Database Read/Write Splitting in Frameworks/ORMs

Although one of the primary ideas behind frameworks is to keep things as simple as possible, sometimes they create issues in the long run. What I am about to discuss is something of a luxury problem (as scaling usually is), but it is a problem nonetheless.

When initially starting a project, whether you are using Ruby on Rails (Ruby), Django (Python), CakePHP (PHP), Catalyst (Perl), or any of the other 100s of frameworks in any of the languages out there, the first and most important thing to do is to get it out the door. Once you have done that, it’s time to get users, fix bugs, and add features. After you have done all that and you have a great web app, its time to think scaling. (Yes I realize that I have trivialized this process immensely, but its for a point, I promise).

When starting to scale (whether its out or up) and you decide its time to add another database, its necessary to analyze your app and decide whether its read heavy or write heavy. A lot of scaling comes in knowing your application and where its bottlenecks are. Let’s assume that you are at the point that you need to add a database server. What would be great is if you had a framework that allowed you to set some database servers as read-only in order to take load off the master.

In an abstract format, it would be a good idea to break out your SQL requirements into 2 functions: sql_write_query and sql_read_query. Then have the functions go to your primary database server and slave database servers respectively. The reason that you should do this instead of using a single function that sends the query to the “correct” location based on the SQL it finds is that your slave servers may be behind the master (which is the nature of replication) which could give you an incorrect result in your query. This way, depending on the importance and type of the query, in your code you can choose the location that you want to send the query to. The read queries where accuracy is extremely important can be sent to the database using sql_write_query and all others can be executed normally using your sql_read_query function.

How does this relate to frameworks and ORMs? It would be very handy if frameworks provided a method to expand an application into splitting read and write queries that is native to the frameworks. If it is native and isn’t hacked on afterward (like below), then you don’t have to muck around in the core code or write a plugin and you can stick to what you know best (which is your application). That is not to say that one should prematurely optimize an application (which is a whole other issue that you need to be careful of) and build it out in a split read/write fashion from the beginning, but that there should be a native way for the application to be faster should you reach that point.

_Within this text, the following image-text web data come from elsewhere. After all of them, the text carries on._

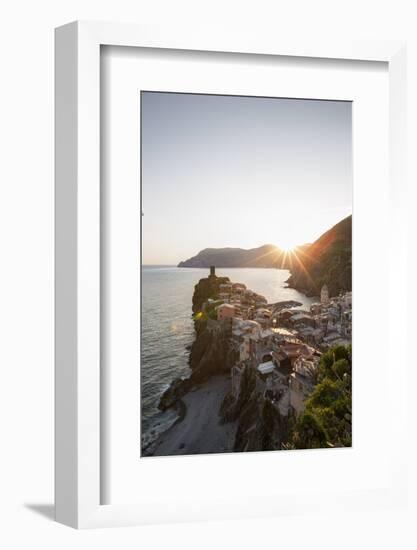 Vernazza, Cinque Terre, UNESCO World Heritage Site, Liguria, Italy, Europe-Gavin Hellier-Framed Photographic Print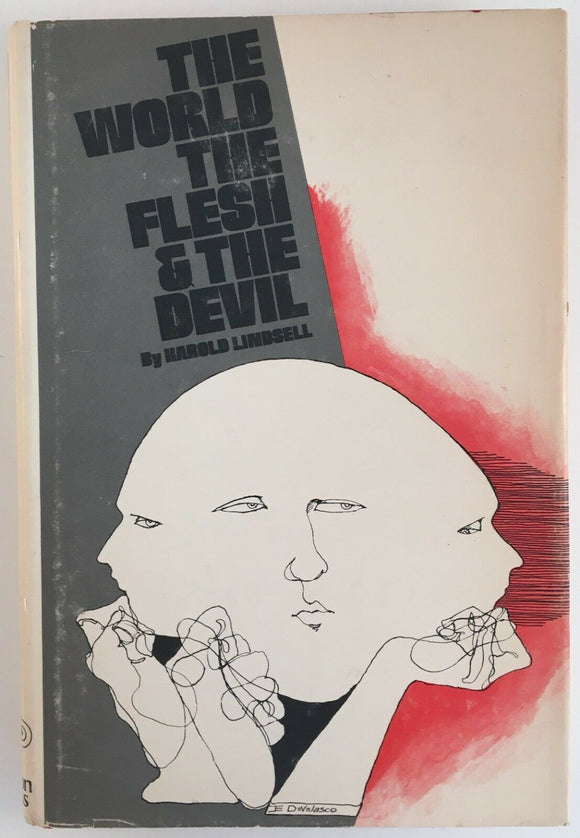The World, the Flesh, and the Devil by Harold Lindsell HC Hardcover 1974 Vintage
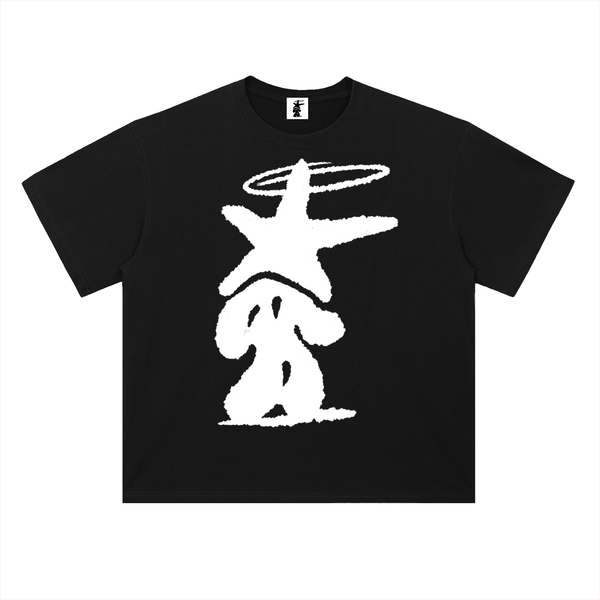 BrknAve Drop Shoulder Tee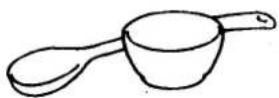 Cylinda 1252 - Bestick med klist- rade handtag - 3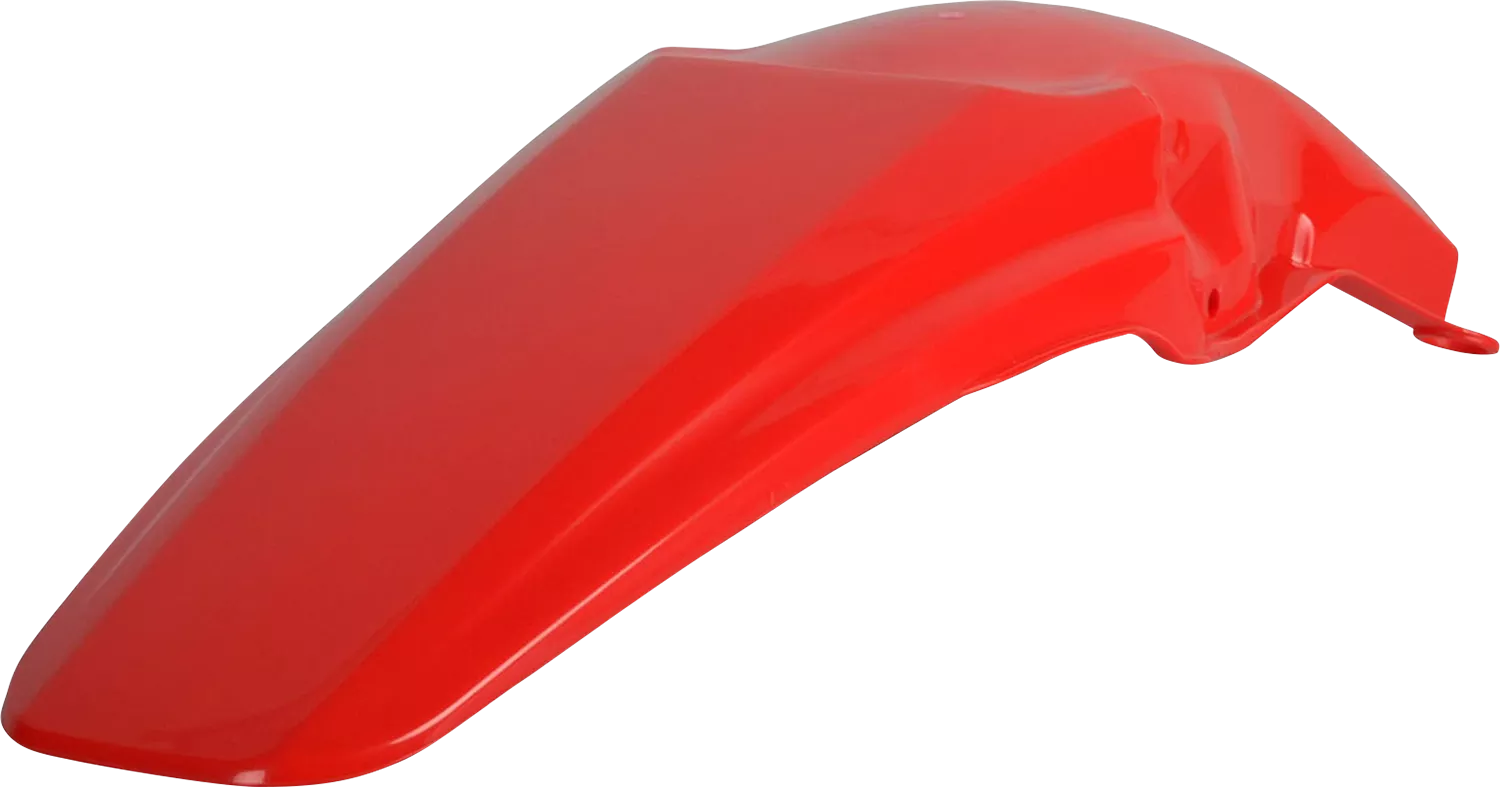 POLISPORT Rear Fender for CRF 450R - OEM Red, Part Number 8565300003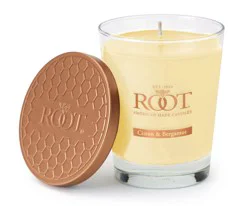 Root Veriglass Candle-Citron&Berg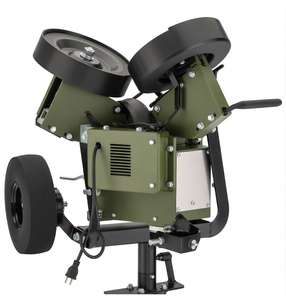 Máquina Profesional de Entrenamiento de Béisbol Multipitch – Serie Elite Lanzador de Velocidad Variable con Control de Precisión de 3 Ruedas - Product Image 3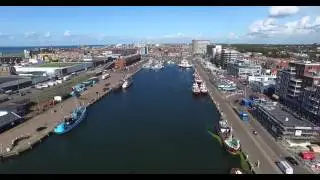 Scheveningen Haven 4K - DJI Phantom Pro - Drone Flight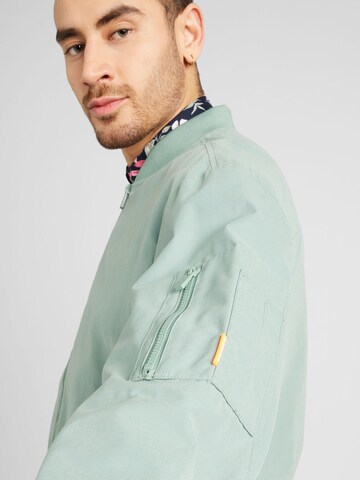 QS Prehodna jakna | zelena barva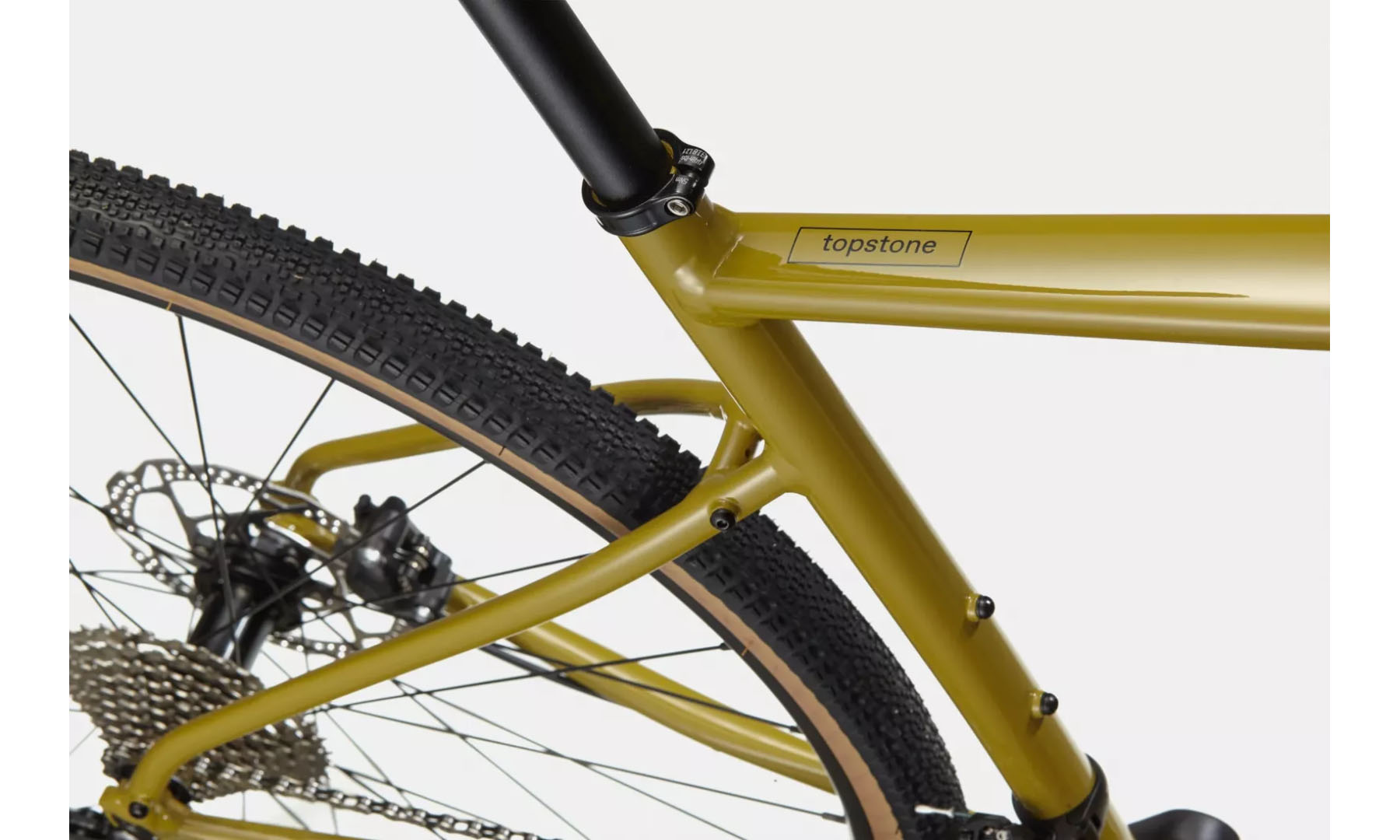 Фотография Велосипед Cannondale TOPSTONE 2 28" рама M 2024 OGN 6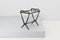 Mod. Tavolino da caffè 221 in legno e vetro di Ico & Luisa Parisi, 1956, Immagine 6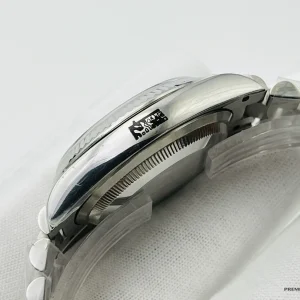 Rolex Day-Date 228236 President bracelet in platinum-tone steel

Building this out as a afterthought can be done like what’s below (the example is in Python but can be extrapolated to the language specific to the framework).

import MySQLdb

def write_mysql_query(query):
    conn = MySQLdb.connect(host = "dbvip1.example.com",
                          user = "root",
                          passwd = "pass",
                          db = "myapp")
    cursor = conn.cursor()
    cursor.execute("SET AUTOCOMMIT=1")
    cursor.execute(query)
    cursor.close()
    conn.close()

def read_mysql_query(query):
    conn = MySQLdb.connect(host = "slavedb1.example.com",
                          user = "root",
                          passwd = "pass",
                          db = "myapp")
    cursor = conn.cursor()
    cursor.execute(query)
    result = cursor.fetchall()
    cursor.close()
    conn.close()

You can even do things for the writer in a more transactional fashion using START TRANSACTION and COMMIT if you don’t like using AUTOCOMMIT. You’ll also notice that there is a connect every time a query is executed. A lot of people will have an initial gut reaction of a problem here. In fact, since most of your queries will be taking place over a LAN with a pretty fast backplane (or some other variation of a high speed network), it’s probably negligible. Taking the load off of your master and dispersing it onto slaves will make the most difference here.

All this is a very oversimplified way of taking this step, but it is something that frameworks should consider. Even if its just in a plugin fashion which can be taken advantage of if the database server is getting overloaded.

  • http://blog.perplexedlabs.com matticakes

    While I see the point you're raising I think it's interesting to keep in mind the ol' 80/20 rule. A web framework is trying to solve 80% of the problems for you.

    They get you *most* of the way there, quickly. When you're hitting scalability issues it might be time to break out of the confines of an ORM anyway, whether or not you've encountered this particular issue.

  • http://eric.lubow.org Eric Lubow

    I agree with your assessment of the goal of frameworks. But if you reach the issue of scaling, is it really worth refactoring the entire code base to scale out your database system? And if a framework is solving 80% of your problems, does that mean that when your ready to scale out that another problem should be created as to how (on the database level)?

    The point I am aiming to make is that by baking this ability into the core code base of a framework and making it available to use when necessary (or desired) you are giving the developer the ability to scale more easily. And I believe giving this ability in advance is less dangerous than having someone try to hack it in later. It also provides a consistent way of achieving this goal for everyone who uses a framework/ORM to follow so there aren't people consistently reinventing the wheel.